Heck, I'll come pick it up! LOL
I have about a million uses for it here.

DM


----------



## Scuba_Dave

I've picked up rock, brick, stone dust & patio block & other stuff off craigslist
Never paid anything for any of it
The stone dust was a PIA to shovel into the truck
But they had the patio block that I wanted &the deal was to take everything

Pile it up in an easy access area & see if anyone wants it for free
I need some to go around the edge of my pool fencing
Do you deliver ?


----------



## nap

well, it would seem if you are in the SW MI area or wherever Dave is you have a means to unload the rock. 

If you found 3 folks willing to take it by only what you posted, I would think there are others out there close to you that would like it as well. Maybe you just gave up too easily.

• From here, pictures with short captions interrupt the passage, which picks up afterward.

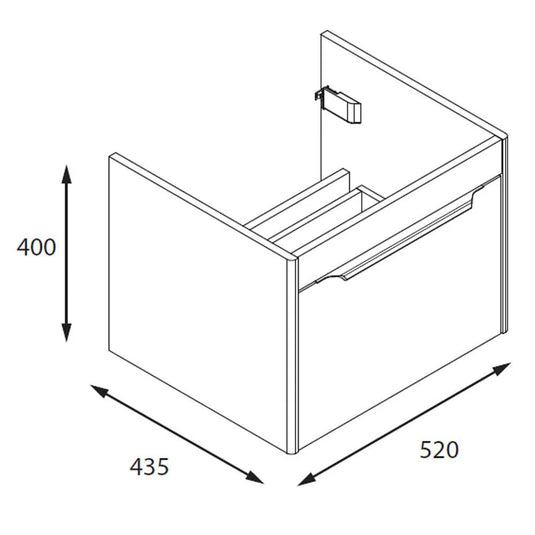 Britton Shoreditch 550mm Wall Hung 1-Drawer Vanity Unit - Matt Blue - S55SDB - Bathroom Shack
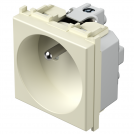 TEM - Контакт френски стандарт 2P+E 16A 2M, цвят Крем гланц, Modul VM40IW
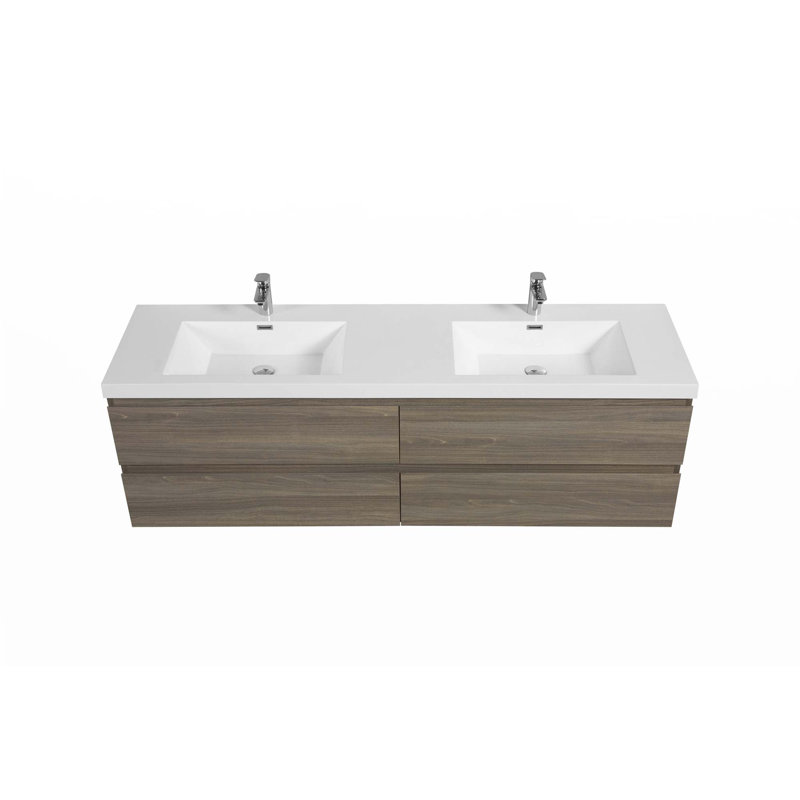 Meuble-lavabo flottant 72 po avec lavabo 72 po, Noir, noir, noir, noir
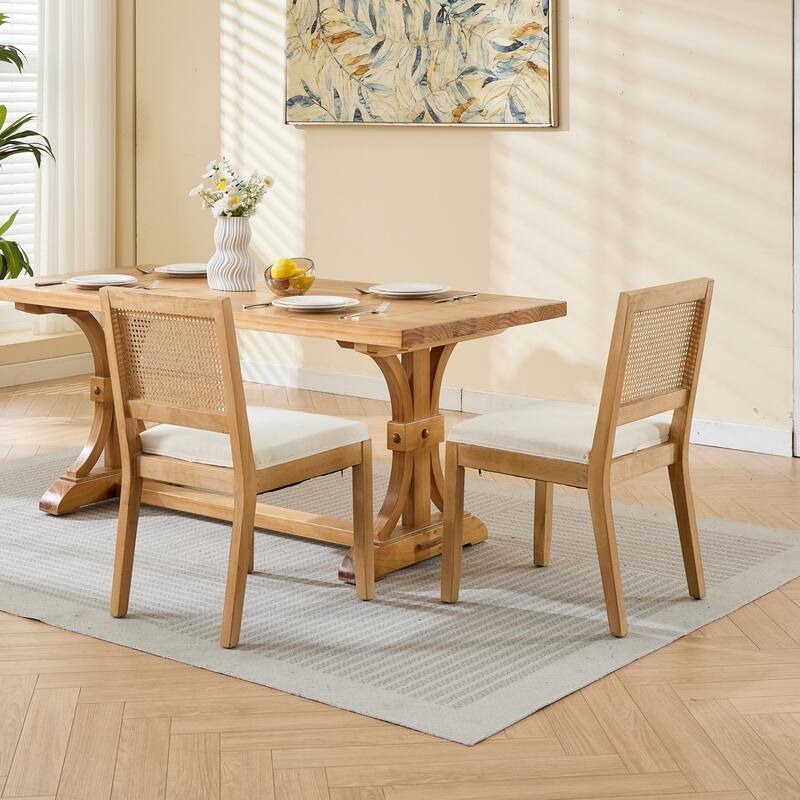 Farmhouse Rattan Dining Chairs Set of 2, Mid Century Modern Kitchen & Dining Room Chairs, Cane Upholstered Kitchen Side Chair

maybe there is a river close by that is needing to have it's rock replenished.:whistling2:



I don't know where you live but there are a thousand places I could get rid of it around my area, and I mean legally.


----------



## Shadoglare

Unfortunately no I don't deliver - I don't think I'd be able to haul much in the trunk of my Malibu


----------



## nap

ever watch Shawshank Redemption? Poor old Andy Dufrane dug out a tunnel from his cell wall and carried the rock and dust in his pockets to the ball field.

Ingenuity. That's all it takes.


----------



## High Gear

Maybe you could find a use for it on your own property, like maybe a mounded garden or some type of water feature.

It may be worth your time to have a landscaper take a look at it and 

offer ideas . It may cost a few bucks but may be money well spent.


----------